自然放射線は大半が宇宙から飛んできたり、岩石の中にあるウランなどから発しています。私たちは、自然界から多少の放射線は受けていますが、一部、空気中にあるラドン222、食物に含まれるカリウム40、炭素14などを除けば、放射線の発生源である放射性物質に遭遇することはほとんどありません。
しかし、原発由来の放射線は、大半が大気中に浮遊する塵に乗ったり、地表面に落ちた放射性物質(セシウム137など)から発しています。これらの放射性物質は、呼吸や飲食を通して、私たちの体の中に容易に入ってきます。
そして引き起こされる低線量内部被ばく。それが、冒頭の「奇妙な一致」を見せる地図に現れているのです。
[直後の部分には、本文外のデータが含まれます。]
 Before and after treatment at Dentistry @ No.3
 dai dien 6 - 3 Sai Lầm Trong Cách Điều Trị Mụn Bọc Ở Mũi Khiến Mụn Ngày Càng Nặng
5月20日衆議院科学特別委員会における崎山比早子さん(元放射線医学総合研究所主任研究官、医学博士、現高木学校)の発言をもう一度思い出しましょう。
「放射能には安全値はありません。年間1ミリシーベルトの許容も、そうしないと原子力産業が成り立たないからであって、生物学的学問から決められたものではない」

多くの人たちが、20mSv/年という、とんでもない基準をめぐって闘いを繰り広げています。当面の目標は、1mSv/年を国に認めさせることです。それは間違ってはいません。しかし、その1mSv/年にすら、安全の裏付けはないということを私たちは忘れてはいけません。

勇気を持って撤退しようではありませんか!原発から。